Based on earlier research Georg and I concluded in a 2016 article in Politics & Policy that Germany does not follow other countries in a substantial harshening of its sentencing and security law or a major build-up of its security infrastructure. Yet, after the refugee crisis hit Germany in the summer and fall of 2015 though we may need to question our own statement. In my guest lecture in Heidelberg I presented a whole set of security sector indicators – both state (police numbers, budgets, legislation) and market ones (personnel, turnover) – which all suggest a marked and (till now) lasting difference to the status quo before the refugee crisis.

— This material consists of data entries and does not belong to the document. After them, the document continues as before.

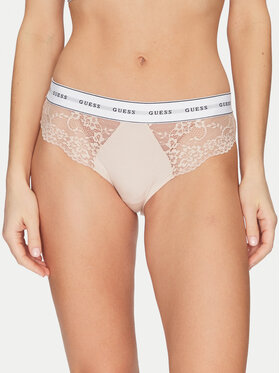 Guess Guess Figi klasyczne O2BE08 KBBT0 Beżowy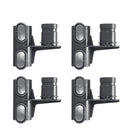 4Pcs Vacuum Cleaner Brushes Parts Holder Accessory Organizer Stand For Dyson V6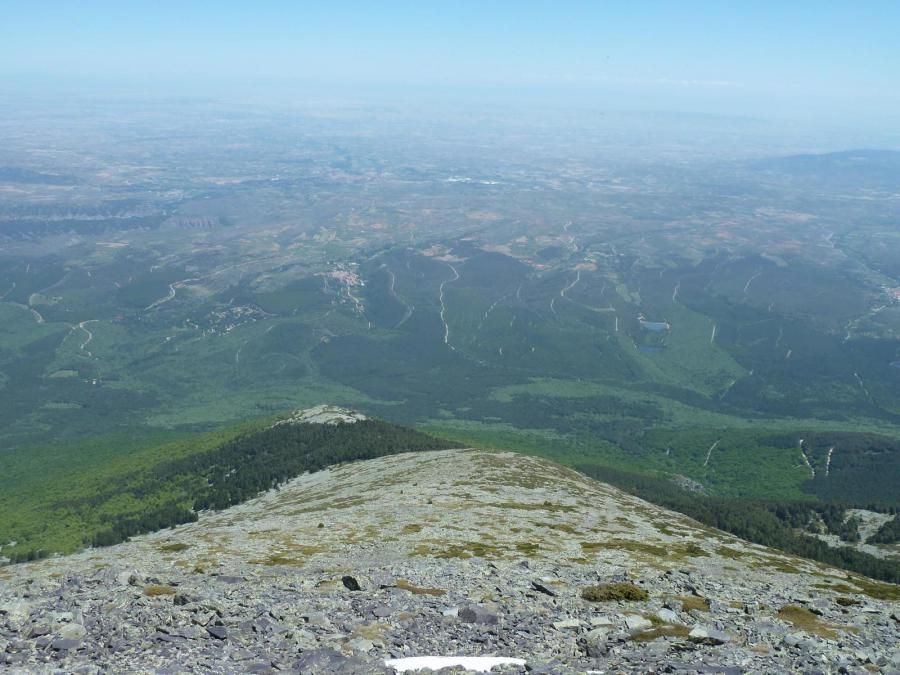 Moncayo y Peña Negrilla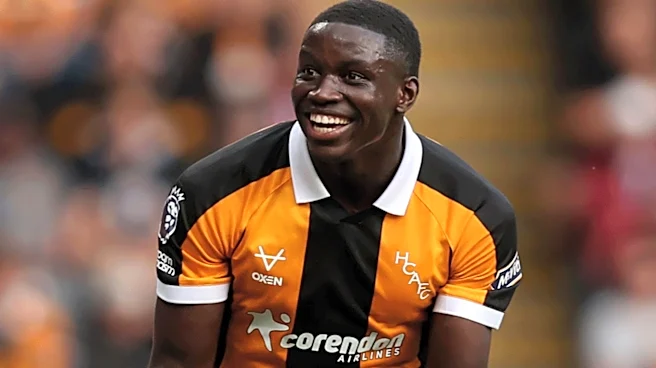 Premier League: Hull City remain unbeaten after Aston Villa stalemate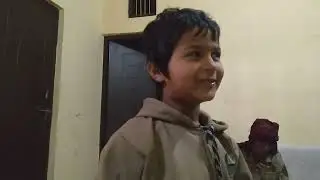 बच्चे मामा के वापसी आगे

The data mirrors how public and private security personnel grows in (market) and after (state) the great increase in refugee numbers and how German law and order policy became stricter, more punitive, and linked to the policy sector of migration.
Besides this observation of differences with the status quo ante, Collier/Collier (1991) call for the identification of mechanisms supporting the new path when analyzing possible critical junctures. Based theoretically on Sydow et al. (2009) and empirically on a survey with the administrations overseeing refugee accommodations on the level of the German Länder we were able to highlight such potential mechanisms. The reform of German private security regulation in 2016 e.g. established new rules and procedures, decreasing coordination costs between state security actors themselves and between them and security companies. Such decisions taken in and (at least to some degree) influenced by the crisis might help a new policy path, characterized by a new collaboration between public and private security forces, to lock in.
Our paper on which my talk in Heidelberg rested is rather exploratory and it is still too soon to reliably test the beginning of a new path in German law and order policy. But the lively discussion after the talk with the very much interested colleagues and students in Heidelberg showed how salient the issue of domestic security has become and how necessary further research activities by policy analysts are (Please, see also the research projects in which the study originated: The Politics of Law and Order / The Political Economy of Private Security.)
Helge Staff
[Photos by Colette Vogeler and Linda Voigt]
Literature:
Collier, Ruth Berins/Collier, David (1991): Shaping the political arena. Princeton: Princeton University Press.
Staff, Helge/Wenzelburger, Georg (2019): Mehr Staat, mehr Markt, mehr Sicherheit. Warum die Flüchtlingskrise einen Pfadwechsel in der deutschen Politik der Inneren Sicherheit eingeleitet haben könnte. In: Österreichische Zeitschrift für Politikwissenschaft, 47 (4), 45-58.
Sydow, Jörg/ Georg Schreyögg/ Jochen Koch (2009), Organizational Path Dependence: Opening the Black Box, in: Academy of Management Review, 34 (4), 689-709.
Wenzelburger, Georg/Staff, Helge (2016): German Exceptionalism? An Empirical Analysis of 20 Years of Law and Order Legislation. In: Politics & Policy, 44 (2), 319-350.